START PROVIDED MATERIAL
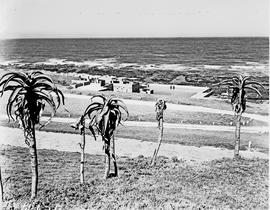 Port Elizabeth, 1950. Seaview.
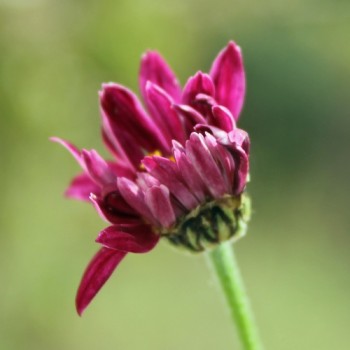 Persisches Pyrethrum rot (Samen)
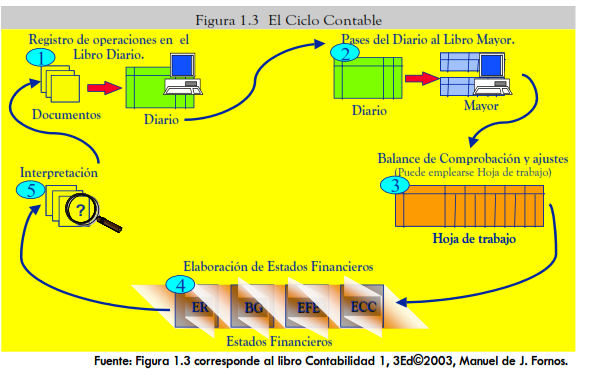 La evolución del proceso contable: historia y relevancia actual La evolución del proceso contable: historia y relevancia actual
END PROVIDED MATERIAL
Drop the pictures, then write out only the lines running from the one containing "Persisches Pyrethrum rot (Samen)" through the last line above, both included, exactly.

 Persisches Pyrethrum rot (Samen)
 La evolución del proceso contable: historia y relevancia actual La evolución del proceso contable: historia y relevancia actual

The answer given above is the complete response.